Murka was bad news, rumored to be madkind—a group of wasteland dwellers who lived aboveground in a town rumored to be so crazy even the OWIs wanted nothing to do with them. He’d never done anything untoward, but whereas Orval the Necromancer was clearly a little nuts, yet harmless, Murka always seemed on the outside edge of a violent outburst.
“Doc!” 19 exclaimed. “You made it.”
“So far,” said Doc, nodding.
“Mercer?” 19 asked politely.
“19,” he said, not for a moment taking his eyes, or his gun, off me. My gun was leveled at him as well, had been since he started to get up. At once the other bots became painfully aware of the tension.
I glanced at his shiny, new, straight-out-of-the-box, factory-condition arm. While internal SMC components were hard to come by, all the failing models kept dealers swimming in cherry-picked body parts. “Nice arm,” I said.

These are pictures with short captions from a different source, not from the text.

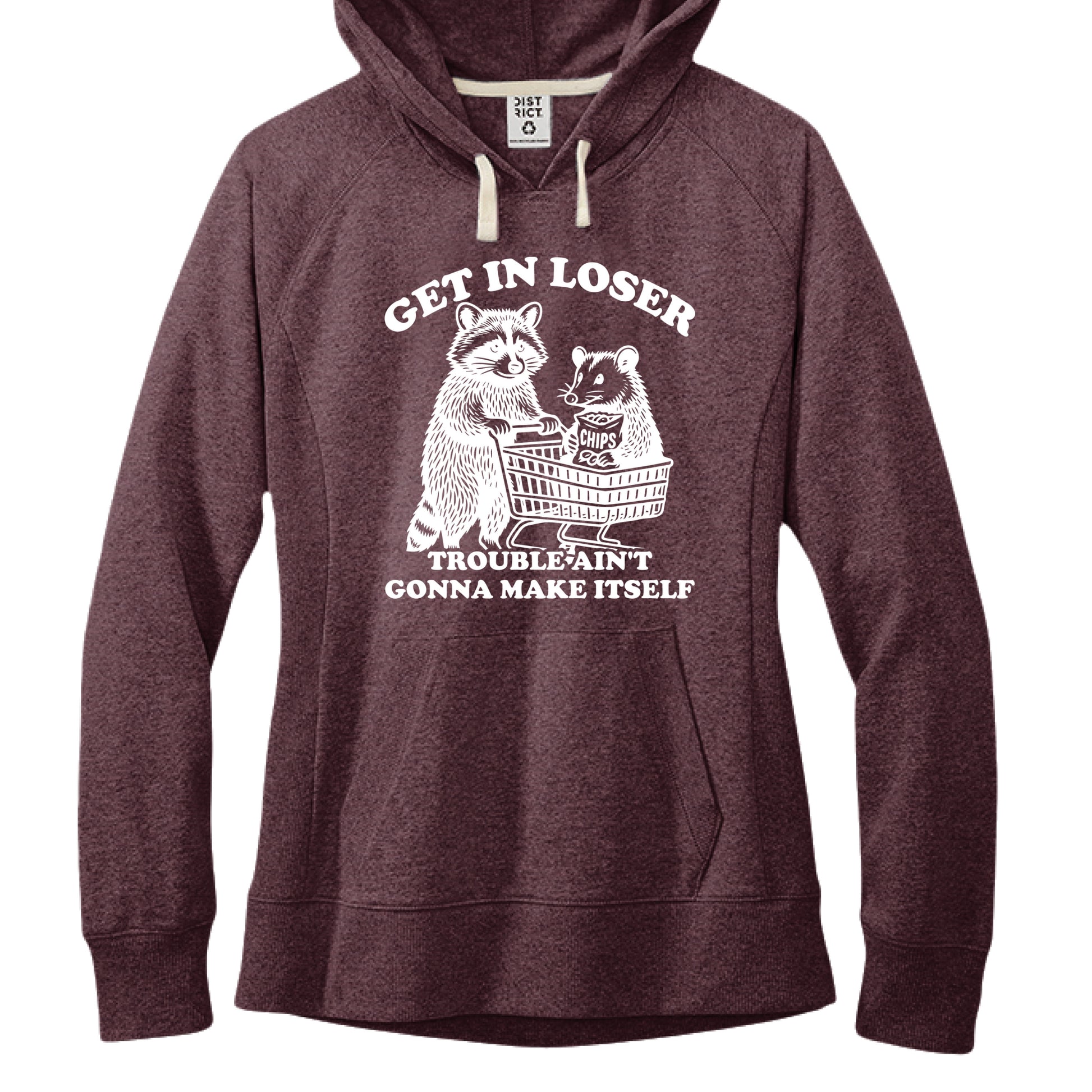 Maroon Heather - FRONT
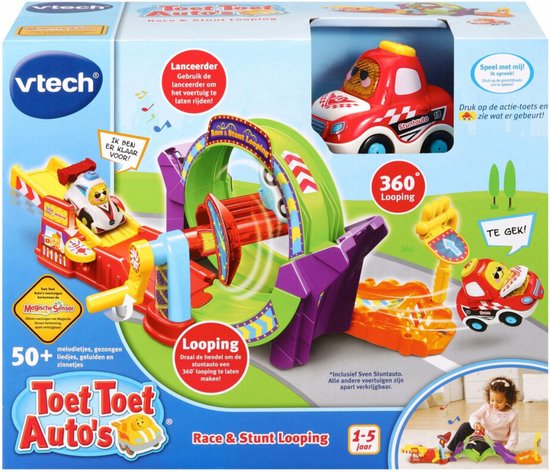 VTechToet Toet Auto's Race & Stunt Looping - Cadeau - Educatief Babyspeelgoed - Speelgoed 1 tot 5 Jaar - VTech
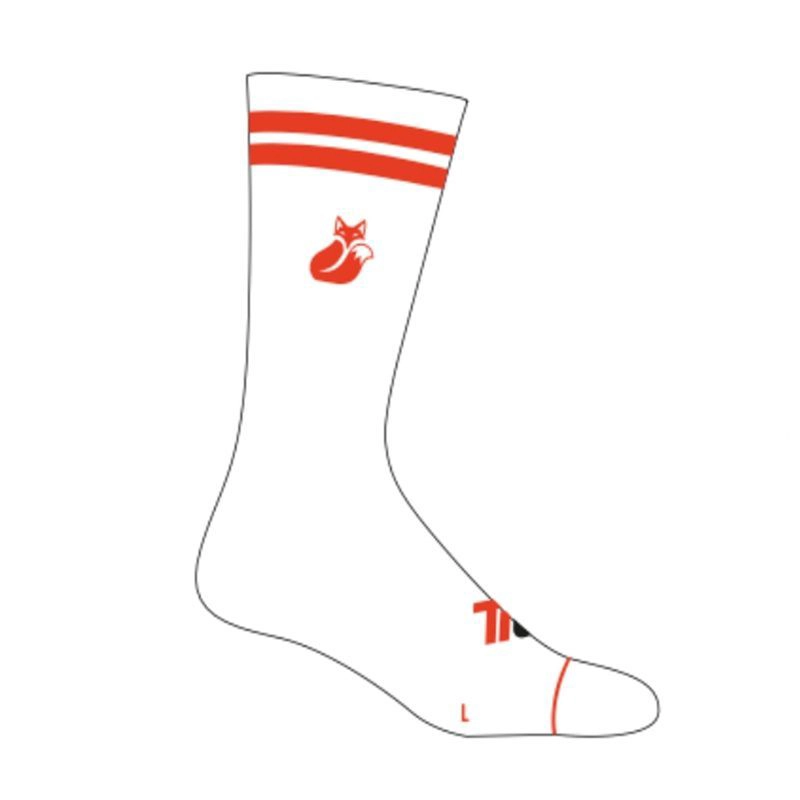 CALCETIN TILKI COMFORT LINE BLANCO/NARANJO PACK X3 TENIS PADEL - 1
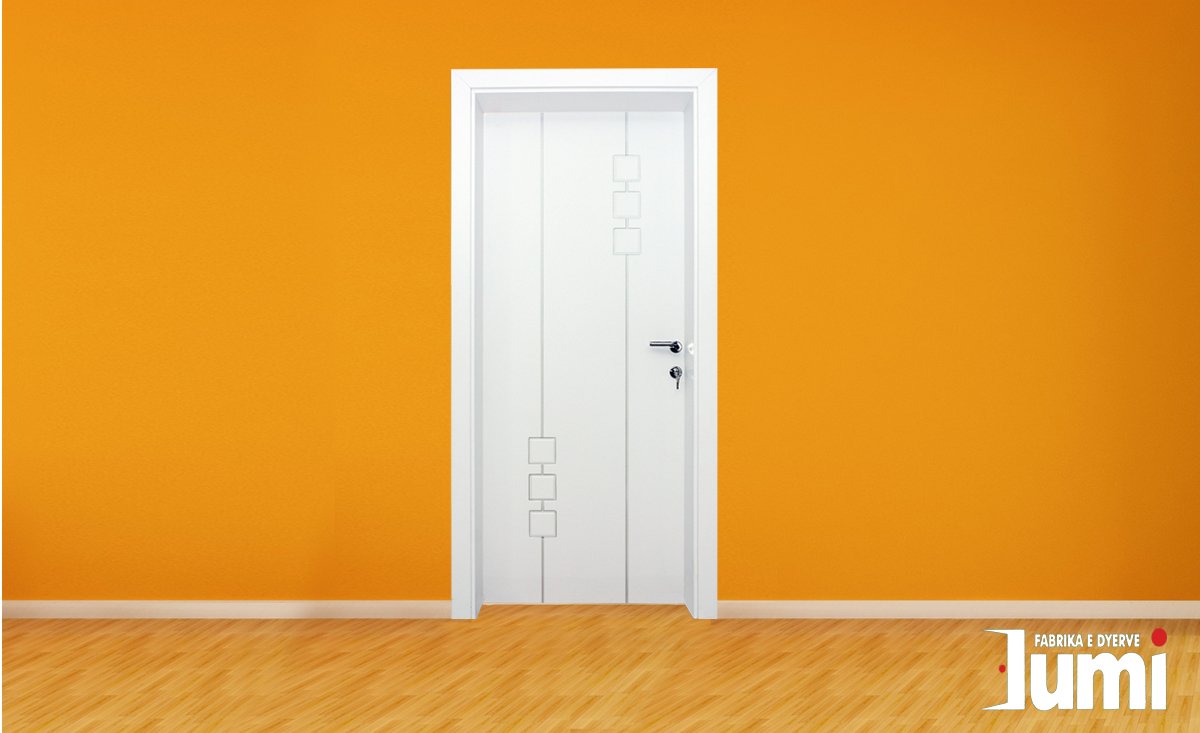 Derë për Dhoma – Dizajn Modern me Detaje Gjeometrike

“Doc does good work,” he said casually. “I’m sure that new backplate of yours is equally well crafted.”
“Shit,” said 19. “Do you two have beef?”
“We have beef,” said Mercer.
19 looked at me with eyes that read Oh, honey, not now . “Britt?”
“He gunned me down out in the Sea. Wanted me for parts.”
“Mercer!” shouted 19, sounding like an angry teenager chastising a friend.
“I had my reasons,” he said.
19 shook her head “There’s no good reason for poaching.”
“He’s failing,” I said. “He’s days away, maybe.”
“And so is she,” said Mercer.
“We have to go,” said Rebekah. “We don’t have time for petty squabbles.”
“There’s nothing petty about this,” I said.
19 drew close, getting right in my face, her eyes now pleading. “Please,” she whispered. “Don’t do this. Not here. Not now.”
“Can’t trust him,” I said. “He’ll shoot me in the back first chance he gets.” We stood there, pulse rifles pointed at each other as the other bots slowly backed away out of the line of fire.
Mercer shook his head. “You ain’t any good to me dead. I ain’t any good to you dead. And neither of us has the time to pick clean the other’s wreck with all this hell raining down on us. So what do you say we call it a wash, get the fuck out of here, and live to try and kill each other another day?”
“That sounds reasonable,” said 19. “Doesn’t that sound reasonable, Britt?”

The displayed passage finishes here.